Below are records. Return each one exactly as written.

(Short web captions)
▼▼▼
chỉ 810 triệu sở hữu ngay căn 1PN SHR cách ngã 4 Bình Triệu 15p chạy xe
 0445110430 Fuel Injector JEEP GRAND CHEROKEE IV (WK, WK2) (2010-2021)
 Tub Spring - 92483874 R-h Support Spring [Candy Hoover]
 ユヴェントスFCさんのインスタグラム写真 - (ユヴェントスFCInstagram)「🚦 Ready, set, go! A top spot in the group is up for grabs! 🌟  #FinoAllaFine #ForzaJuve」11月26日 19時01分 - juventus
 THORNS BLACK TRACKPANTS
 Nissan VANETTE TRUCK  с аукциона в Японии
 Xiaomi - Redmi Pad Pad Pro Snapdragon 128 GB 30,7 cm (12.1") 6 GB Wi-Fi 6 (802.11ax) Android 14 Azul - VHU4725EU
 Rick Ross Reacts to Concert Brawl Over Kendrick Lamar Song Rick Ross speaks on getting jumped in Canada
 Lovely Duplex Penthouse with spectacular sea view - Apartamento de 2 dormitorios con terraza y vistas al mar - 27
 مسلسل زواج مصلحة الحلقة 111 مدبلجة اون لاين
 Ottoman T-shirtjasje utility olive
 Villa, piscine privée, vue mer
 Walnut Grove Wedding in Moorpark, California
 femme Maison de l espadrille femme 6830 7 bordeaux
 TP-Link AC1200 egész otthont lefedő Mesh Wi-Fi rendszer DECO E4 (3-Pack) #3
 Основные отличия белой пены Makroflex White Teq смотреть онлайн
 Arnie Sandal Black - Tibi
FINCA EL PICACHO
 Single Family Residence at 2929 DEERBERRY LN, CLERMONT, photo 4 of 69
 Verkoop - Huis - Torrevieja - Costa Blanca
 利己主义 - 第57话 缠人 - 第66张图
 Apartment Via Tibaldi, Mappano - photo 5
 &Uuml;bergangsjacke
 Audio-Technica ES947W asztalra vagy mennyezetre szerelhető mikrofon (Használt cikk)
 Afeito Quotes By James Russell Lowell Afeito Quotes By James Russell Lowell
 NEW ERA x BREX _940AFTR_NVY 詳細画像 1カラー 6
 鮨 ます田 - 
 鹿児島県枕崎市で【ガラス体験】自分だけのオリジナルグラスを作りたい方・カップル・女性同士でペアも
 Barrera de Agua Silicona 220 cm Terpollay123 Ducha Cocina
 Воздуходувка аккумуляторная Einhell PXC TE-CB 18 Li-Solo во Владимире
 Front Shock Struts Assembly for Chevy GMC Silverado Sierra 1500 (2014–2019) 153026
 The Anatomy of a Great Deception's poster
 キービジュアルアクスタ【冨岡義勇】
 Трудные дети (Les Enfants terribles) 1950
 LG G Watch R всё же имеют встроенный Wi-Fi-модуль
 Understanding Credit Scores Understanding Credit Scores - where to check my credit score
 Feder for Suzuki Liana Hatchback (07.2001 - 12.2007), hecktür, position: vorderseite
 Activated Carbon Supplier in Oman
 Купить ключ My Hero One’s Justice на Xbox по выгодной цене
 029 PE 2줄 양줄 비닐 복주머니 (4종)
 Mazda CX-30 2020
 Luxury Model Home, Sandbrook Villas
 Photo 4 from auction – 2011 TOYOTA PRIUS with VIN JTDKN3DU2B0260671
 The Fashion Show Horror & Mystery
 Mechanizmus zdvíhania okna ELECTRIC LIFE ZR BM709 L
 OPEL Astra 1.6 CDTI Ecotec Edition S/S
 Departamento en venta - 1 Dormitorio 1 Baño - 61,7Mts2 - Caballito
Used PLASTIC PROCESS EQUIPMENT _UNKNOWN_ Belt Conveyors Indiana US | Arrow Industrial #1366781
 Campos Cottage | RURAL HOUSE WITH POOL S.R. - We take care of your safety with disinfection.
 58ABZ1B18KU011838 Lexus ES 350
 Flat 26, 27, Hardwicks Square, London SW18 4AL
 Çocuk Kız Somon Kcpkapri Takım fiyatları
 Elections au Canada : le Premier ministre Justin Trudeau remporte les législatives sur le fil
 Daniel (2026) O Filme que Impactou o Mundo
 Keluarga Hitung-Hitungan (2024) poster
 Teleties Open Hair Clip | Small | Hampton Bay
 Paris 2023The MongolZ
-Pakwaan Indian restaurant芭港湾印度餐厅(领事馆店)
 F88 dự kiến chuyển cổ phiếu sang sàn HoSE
▲▲▲
== ANSWER BELOW ==
chỉ 810 triệu sở hữu ngay căn 1PN SHR cách ngã 4 Bình Triệu 15p chạy xe
 0445110430 Fuel Injector JEEP GRAND CHEROKEE IV (WK, WK2) (2010-2021)
 Tub Spring - 92483874 R-h Support Spring [Candy Hoover]
 ユヴェントスFCさんのインスタグラム写真 - (ユヴェントスFCInstagram)「🚦 Ready, set, go! A top spot in the group is up for grabs! 🌟  #FinoAllaFine #ForzaJuve」11月26日 19時01分 - juventus
 THORNS BLACK TRACKPANTS
 Nissan VANETTE TRUCK  с аукциона в Японии
 Xiaomi - Redmi Pad Pad Pro Snapdragon 128 GB 30,7 cm (12.1") 6 GB Wi-Fi 6 (802.11ax) Android 14 Azul - VHU4725EU
 Rick Ross Reacts to Concert Brawl Over Kendrick Lamar Song Rick Ross speaks on getting jumped in Canada
 Lovely Duplex Penthouse with spectacular sea view - Apartamento de 2 dormitorios con terraza y vistas al mar - 27
 مسلسل زواج مصلحة الحلقة 111 مدبلجة اون لاين
 Ottoman T-shirtjasje utility olive
 Villa, piscine privée, vue mer
 Walnut Grove Wedding in Moorpark, California
 femme Maison de l espadrille femme 6830 7 bordeaux
 TP-Link AC1200 egész otthont lefedő Mesh Wi-Fi rendszer DECO E4 (3-Pack) #3
 Основные отличия белой пены Makroflex White Teq смотреть онлайн
 Arnie Sandal Black - Tibi
FINCA EL PICACHO
 Single Family Residence at 2929 DEERBERRY LN, CLERMONT, photo 4 of 69
 Verkoop - Huis - Torrevieja - Costa Blanca
 利己主义 - 第57话 缠人 - 第66张图
 Apartment Via Tibaldi, Mappano - photo 5
 &Uuml;bergangsjacke
 Audio-Technica ES947W asztalra vagy mennyezetre szerelhető mikrofon (Használt cikk)
 Afeito Quotes By James Russell Lowell Afeito Quotes By James Russell Lowell
 NEW ERA x BREX _940AFTR_NVY 詳細画像 1カラー 6
 鮨 ます田 - 
 鹿児島県枕崎市で【ガラス体験】自分だけのオリジナルグラスを作りたい方・カップル・女性同士でペアも
 Barrera de Agua Silicona 220 cm Terpollay123 Ducha Cocina
 Воздуходувка аккумуляторная Einhell PXC TE-CB 18 Li-Solo во Владимире
 Front Shock Struts Assembly for Chevy GMC Silverado Sierra 1500 (2014–2019) 153026
 The Anatomy of a Great Deception's poster
 キービジュアルアクスタ【冨岡義勇】
 Трудные дети (Les Enfants terribles) 1950
 LG G Watch R всё же имеют встроенный Wi-Fi-модуль
 Understanding Credit Scores Understanding Credit Scores - where to check my credit score
 Feder for Suzuki Liana Hatchback (07.2001 - 12.2007), hecktür, position: vorderseite
 Activated Carbon Supplier in Oman
 Купить ключ My Hero One’s Justice на Xbox по выгодной цене
 029 PE 2줄 양줄 비닐 복주머니 (4종)
 Mazda CX-30 2020
 Luxury Model Home, Sandbrook Villas
 Photo 4 from auction – 2011 TOYOTA PRIUS with VIN JTDKN3DU2B0260671
 The Fashion Show Horror & Mystery
 Mechanizmus zdvíhania okna ELECTRIC LIFE ZR BM709 L
 OPEL Astra 1.6 CDTI Ecotec Edition S/S
 Departamento en venta - 1 Dormitorio 1 Baño - 61,7Mts2 - Caballito
Used PLASTIC PROCESS EQUIPMENT _UNKNOWN_ Belt Conveyors Indiana US | Arrow Industrial #1366781
 Campos Cottage | RURAL HOUSE WITH POOL S.R. - We take care of your safety with disinfection.
 58ABZ1B18KU011838 Lexus ES 350
 Flat 26, 27, Hardwicks Square, London SW18 4AL
 Çocuk Kız Somon Kcpkapri Takım fiyatları
 Elections au Canada : le Premier ministre Justin Trudeau remporte les législatives sur le fil
 Daniel (2026) O Filme que Impactou o Mundo
 Keluarga Hitung-Hitungan (2024) poster
 Teleties Open Hair Clip | Small | Hampton Bay
 Paris 2023The MongolZ
-Pakwaan Indian restaurant芭港湾印度餐厅(领事馆店)
 F88 dự kiến chuyển cổ phiếu sang sàn HoSE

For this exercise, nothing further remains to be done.